Wizard’s Egg is a tier 1 module by “Shadows of Pindus”, an arcanepunk setting for 5e with rich characters and evocative imagery. With a heist-based plot and an interesting “dungeon” backdrop, Wizards Egg could be something greater than the sum of its parts if it didn’t spend so much time attempting to be a Science-Fantasy novel. As it stands, Wizards Egg is a fun and interesting adventure that presents a lot of different opportunities for roleplaying, but is probably more for combat-lite focused tables.
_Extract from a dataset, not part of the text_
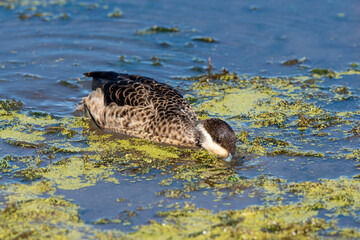 Sarcelle hottentote,.Spatula hottentota, Hottentot Teal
Arcanepunk. While I’m sure arcanepunk isn’t completely unique, I’ve never had the opportunity to critique one before, and I’m intrigued by the setting. A mix of magic and technology, arcane punk is the perfect blend of fantasy and science fiction–and it permeates the Shadows of Pindus. I love the feeling of this setting and want to know more about it in a separate setting book. If there’s one thing the authors did right, it’s suffusing the module with this ambiance. In my opinion, the coolest part about it is how it’s integrated into the heist/sabatoge plot of the module–the setting is intrinsic to the narrative, so it was nice to see the author actually make use of the arcane-tech rather then just waste it by having the narrative be set there but the technology serving no real purpose to this specific adventure.
Skill Challenge. I always love to see skill challenges incorporated into adventure modules. This carryover from 4e is becoming increasingly popular as players and DMs realize how useful it can be! In addition to one high-stakes skill challenge scene, the rest of the module also relies heavily on skill checks, including some that are often underused like athletics and acrobatics. Because of the combat-lite nature of the module, and the fact that it’s an “infiltration” style adventure, skill checks hold a lot of weight and consequence, which players should enjoy navigating.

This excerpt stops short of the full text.